A demanda reprimida por experiências além das fronteiras é, sem dúvida, um dos motores primários dessa explosão. Anos de isolamento e a rotina exaustiva da pandemia criaram uma sede por novidades e por reencontros culturais que superam a cautela inicial. Agências de turismo e companhias aéreas registram números impressionantes, superando, em alguns casos, os patamares pré-pandêmicos. Destinos que antes eram considerados exóticos ou distantes tornaram-se acessíveis, impulsionados também pela flexibilidade que o trabalho remoto trouxe para muitos profissionais, permitindo estadias mais longas e a exploração de múltiplos locais.

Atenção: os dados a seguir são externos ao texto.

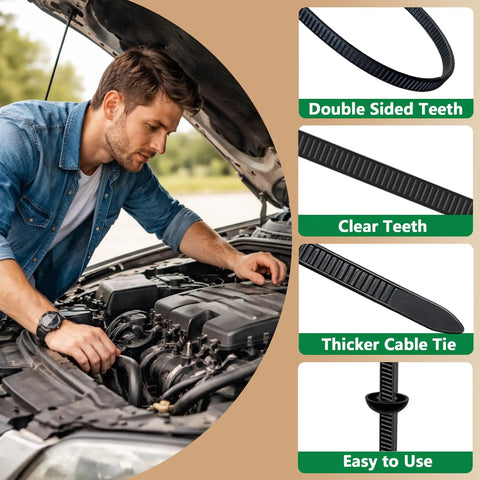 Man using Universal Cable Tie Buckle Kit With 3.54 Inch And 6 Inch Zip Tie Clips and Zipper Clips Snap On Fasteners on car engine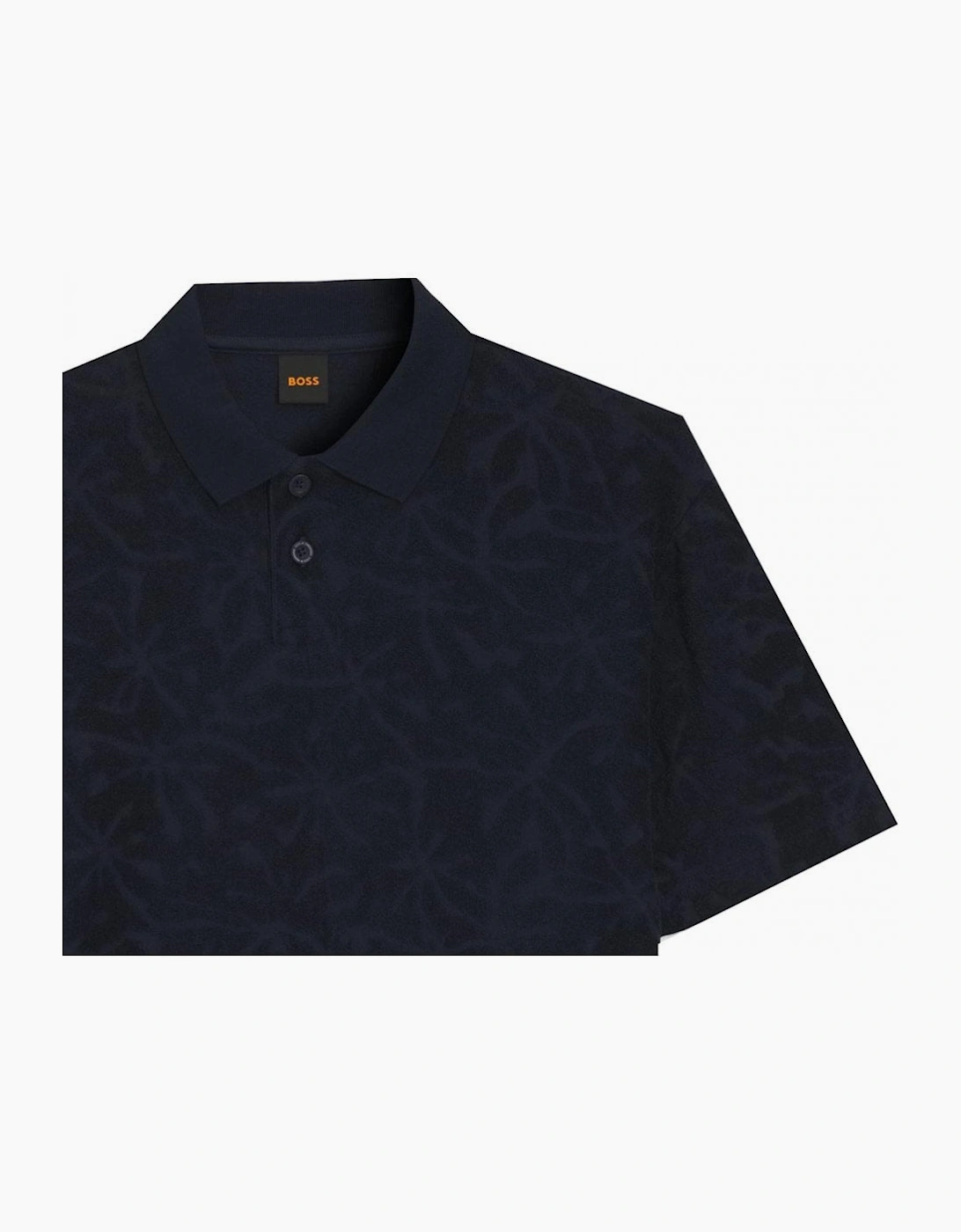 Hugo Boss Men's Navy Floral Jacquard Polo Shirt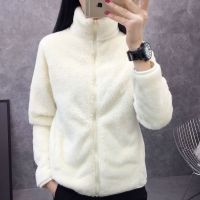 [COD] and winter new plush fleece jacket men women warm coral fashion outdoor casual windproof tide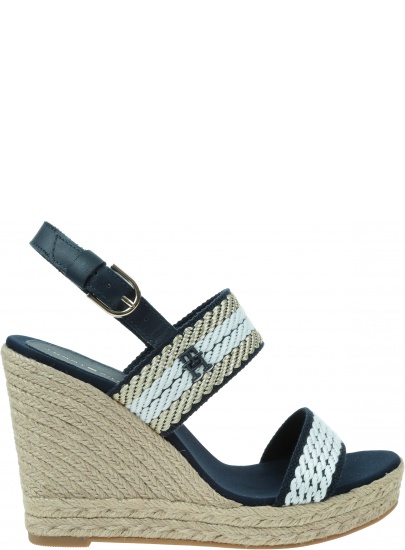 Espadryle Damskie TOMMY HILFIGER Golden Webbing Wedge FW0FW07089 DW6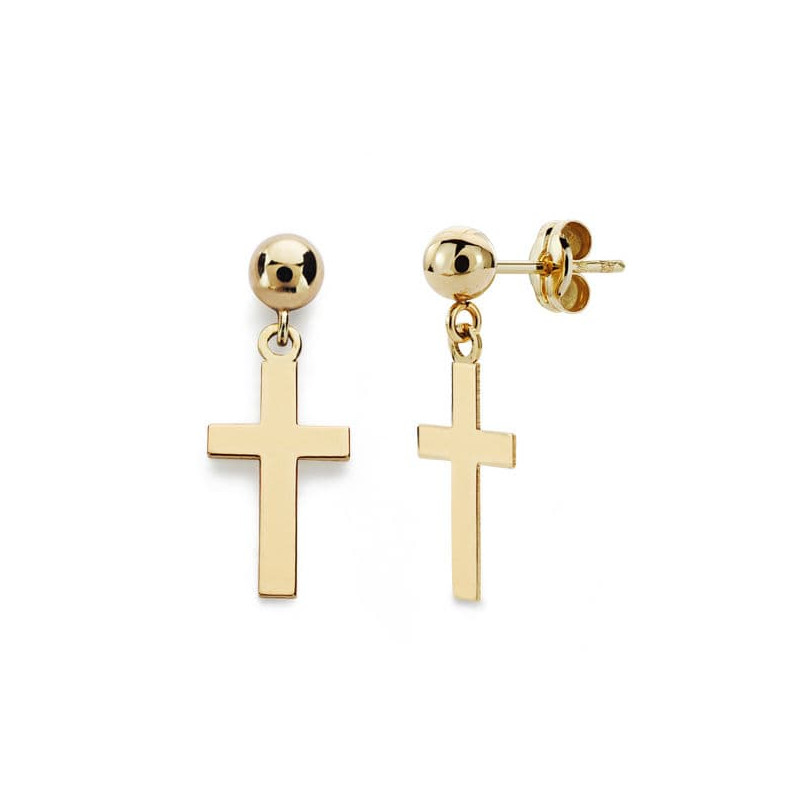 18K PENDIENTES CRUZ LISA Y BOLA ORO AMARILLO 12X7 MM CIERRE PRESION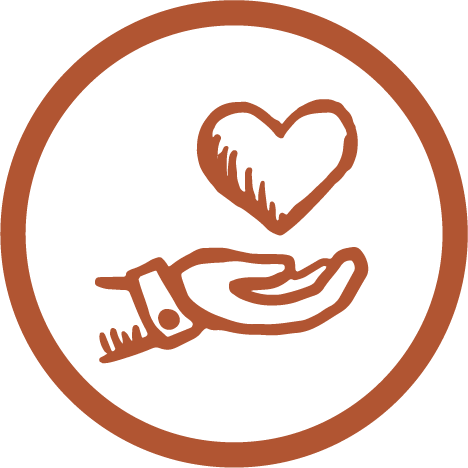 A cartoon depiction of a hand held out with a heart over it, symbolizing giving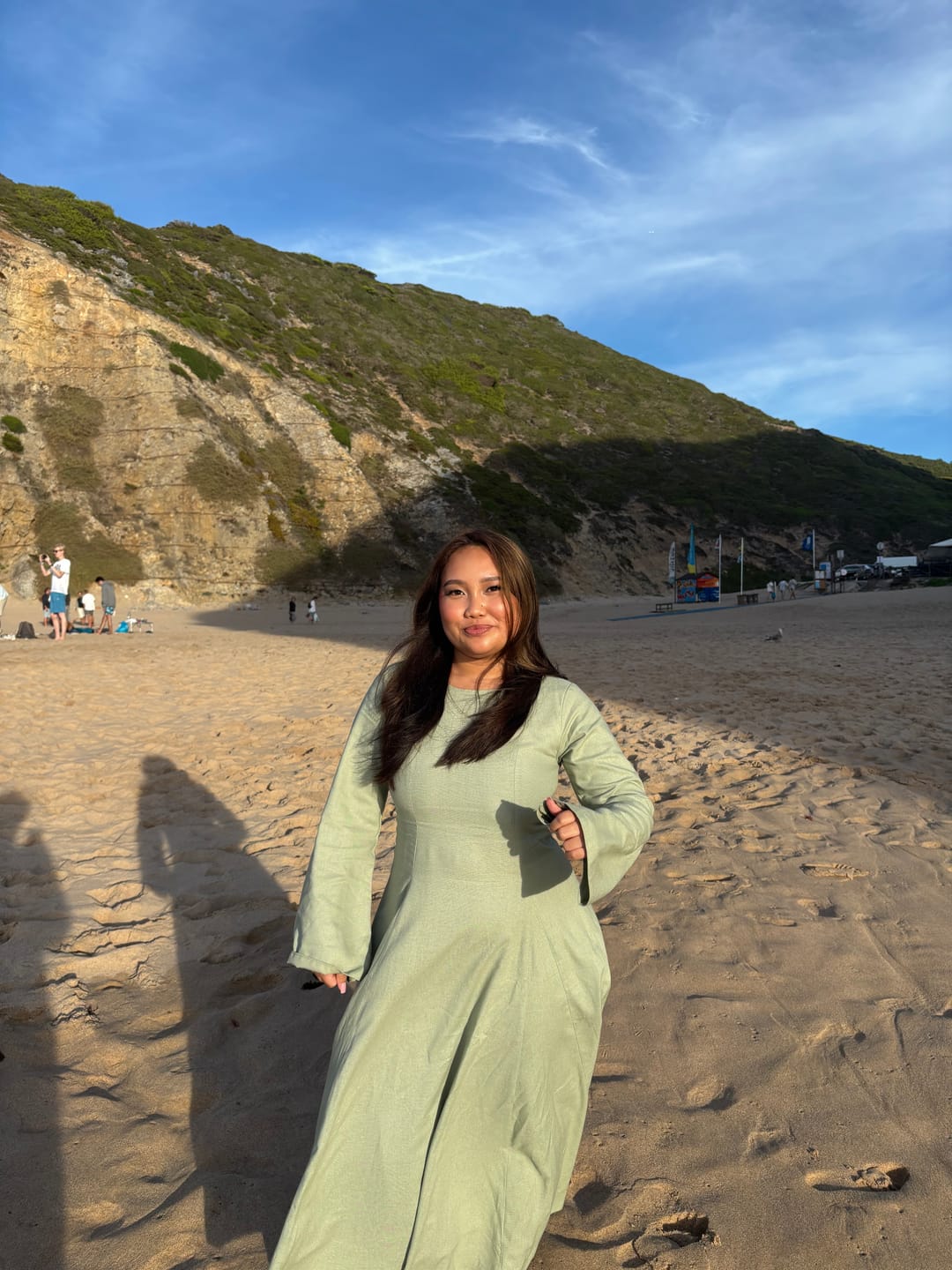 Customer photo review of Linen Lace-Up Dress in Sage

Esse fervor viajante tem um impacto significativo na economia global. Países cuja principal receita advém do turismo estão colhendo os frutos dessa retomada, gerando empregos e injetando capital em setores como hotelaria, gastronomia e transporte. Paralelamente, observa-se uma mudança no perfil do viajante. Muitos buscam agora experiências mais autênticas e imersivas, valorizando a sustentabilidade e o contato genuíno com as culturas locais, em detrimento do turismo de massa tradicional. Há também um crescimento no segmento de viagens de aventura e de bem-estar, refletindo uma busca por equilíbrio e novas perspectivas após um período tão turbulento.
Contudo, o crescimento exponencial também apresenta desafios. Alguns destinos enfrentam questões de superturismo, com a infraestrutura local sob pressão e a autenticidade cultural ameaçada. A gestão sustentável do fluxo de visitantes torna-se uma prioridade para governos e operadores turísticos, visando preservar os recursos naturais e culturais que atraem esses viajantes. A tendência atual sugere que a paixão por explorar o mundo está mais viva do que nunca. Longe de ser um fenômeno passageiro, a reabertura das fronteiras e a redescoberta do prazer de viajar parecem consolidar um novo capítulo para o turismo global, moldando a forma como interagimos com outros povos e culturas nos anos vindouros.